C’erano i soldati con la croce uncinata, SS e non SS, che uccidevano uomini, donne e bambini inermi. Per seminare terrore, per creare il vuoto intorno a sé. Accanto a loro i soldati della Repubblica sociale, che guidavano per le valli e uccidevano con la mascherina in volto per non farsi riconoscere dai compaesani.
Parlare di “entrambi le parti” per creare una memoria condivisa equivale a mettere sullo stesso piano le guardie di un campo di concentramento e i prigionieri che venivano sterminati nelle camere a gas.
La storia non si può adattare a proprio piacimento. E chiamare le cose con il proprio nome serve a non perdere la memoria, a ricordarsi che l’uomo è capace di commettere nefandezze, che la perdita della ragione è sempre dietro l’angolo.

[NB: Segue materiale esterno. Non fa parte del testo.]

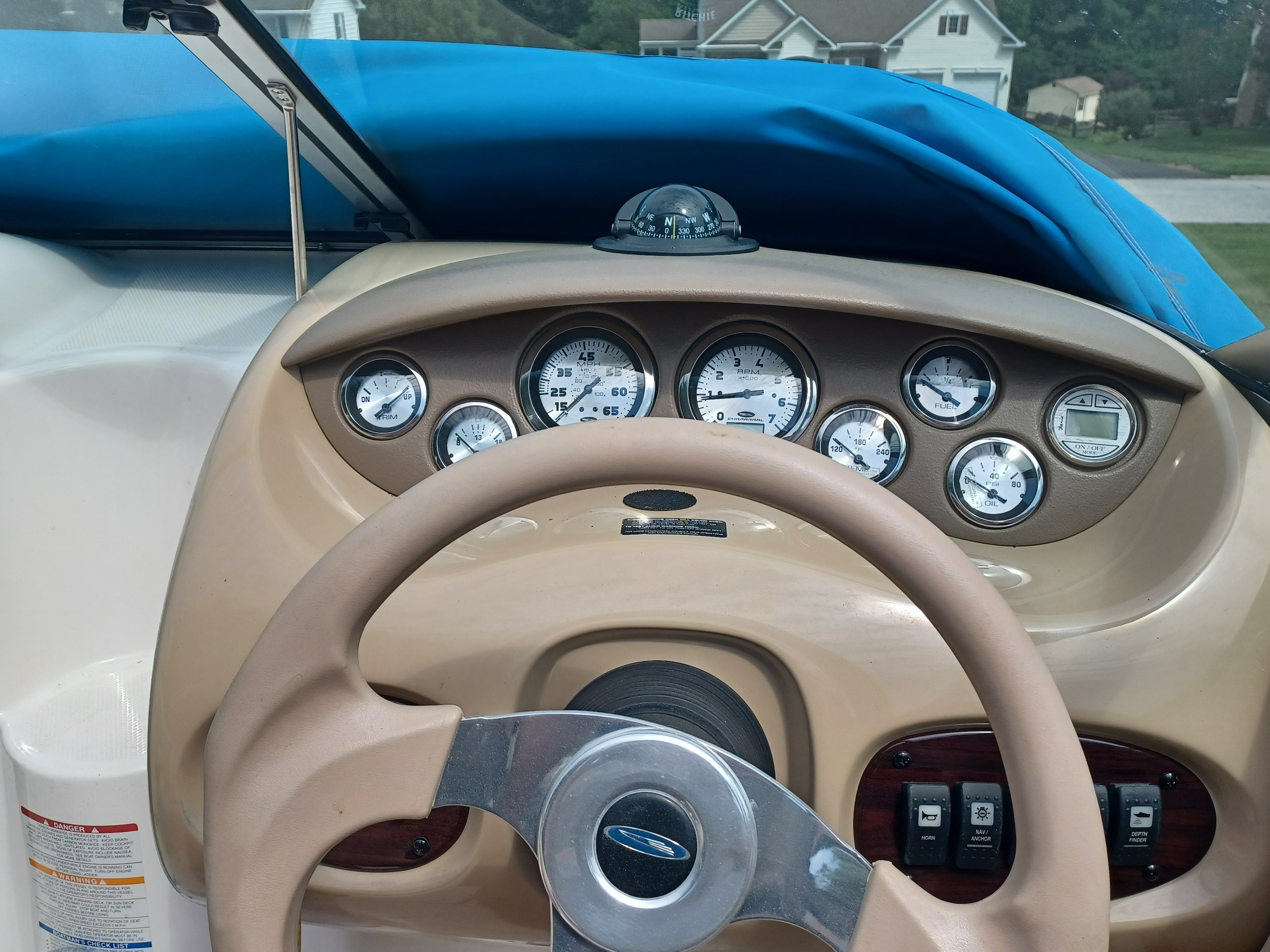 Dashboard of a 2004 Chaparral 215 SSi boat with steering wheel and gauges.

A Vicenza non ci fu una battaglia tra truppe regolari con perdite da “entrambe le parti” ma una rappresaglia a freddo contro 10 detenuti dopo un attentato partigiano che non provocò morti (così L’Atlante delle stragi nazifasciste).
Grazie al Giornale di Vicenza per aver dato la notizia e a Gian Antonio Stella per averne parlato sul Corriere della sera.